Posted on June 23, 2007. Filed under: Art, News, Night Life, Photography, Politics |

Paolo Pellegrin’s photographs of last summer’s war in Lebanon went on display last night at the CVZ Contemporary in New York City. Pellegrin is a member of the elite photography collective Magnum, which is sponsoring a month-long series of exhibitions celebrating its sixtieth anniversary.

Seeing the work in person is an experience (and I’d recommend taking the elevator over tramping up the five steep flights of stairs). It’s harder to dismiss. On the web, we can give photos a second or two of attention and then click–it’s gone forever. In person, a lasting impression remains in one’s memory. My impression was that I was looking at the work of a great photographer with a lot of guts. I tried to to put myself in his shoes, although I don’t think that’s what photojournalists intend their work to do. If it’s fair to generalize, then presumably they want their subjects to be the focus of attention, not themselves. But I can’t help it. I’m compelled to do both. If I am to look at photographs, then I will do so with the awareness that I’m viewing the world through the eyes of another person.

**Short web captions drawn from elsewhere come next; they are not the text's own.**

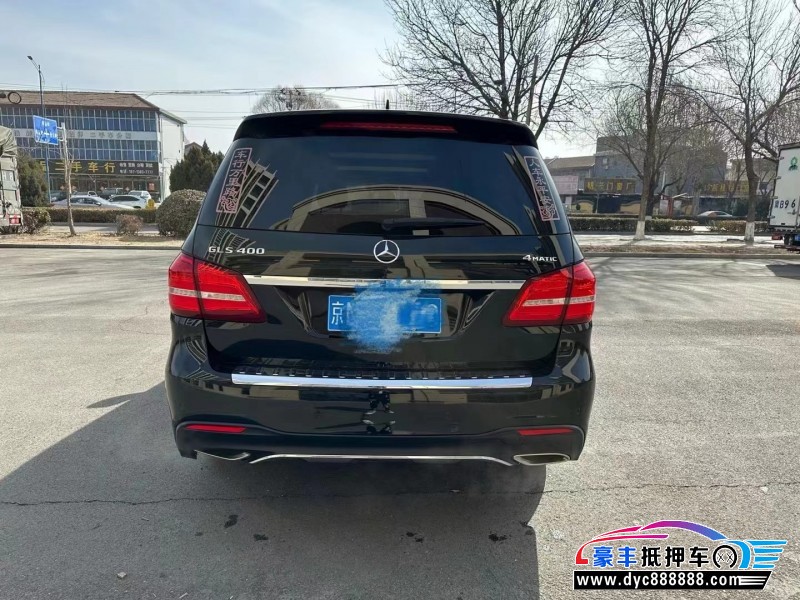 19年奔驰GLS轿车抵押车出售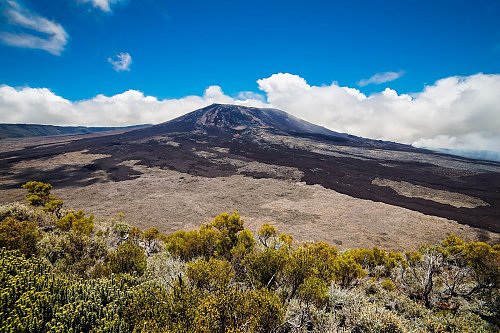 Piton de la Fournaise, autor: Alexandre Péribé, Wikimedia Commons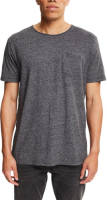 Esprit edc Men gemêleerd T-shirt antraciet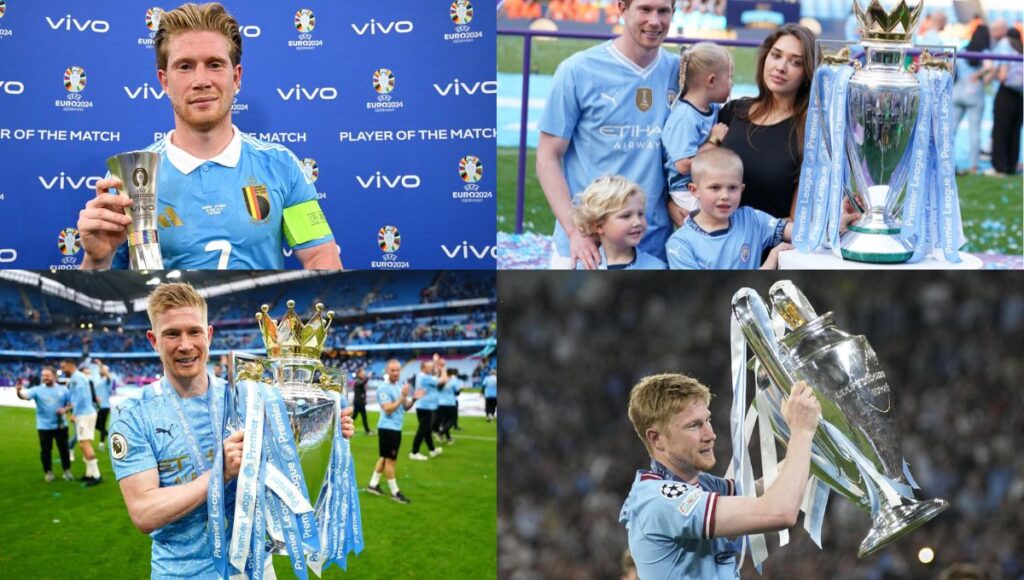 Kevin De Bruyne Net Worth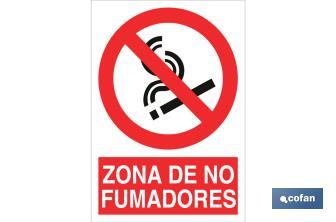 Non-smoking area - Cofan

Photographs like Pellegrin’s can lead writers and viewers into areas where language ceases to make sense. For example, Pellegrin’s work is not merely a set of documents–they are works of art. But in what sense can they be said to be beautiful? Body parts? Grief-stricken people? Powerless victims caught in global war between politicians?

This could meander off into a rant about the cruelty of using air power in areas heavily populated with civilians. Large numbers of civilians are always killed in these campaigns. In WWII, my understanding is that very often large numbers of civilian deaths were part of the strategy. Punish the nation. Break their will to fight. Destroy their ability to make munitions. In the case of Lebanon, it seems that Hezbollah made its home among civilians perhaps in order to use them as human shields. I don’t know. It didn’t work.

My wife asked me if I thought that the exhibition would create anti Israel feelings, and I said that it was unlikely to change anyone’s views. People who are anti Israel have whole host of reasons for it already. Anyone who has looked into the matter has seen the photos of body parts and corpses left over when a bus explodes carrying unarmed Israelis. Not so curiously, the burnt body parts of both groups look the same. But there was one photo that may have showed Hassan Nasrallah, the leader of Hezbollah, smiling amid the ruins of southern Lebanon–and his gaze seemed demonic. If it was him, what on earth was he smiling about?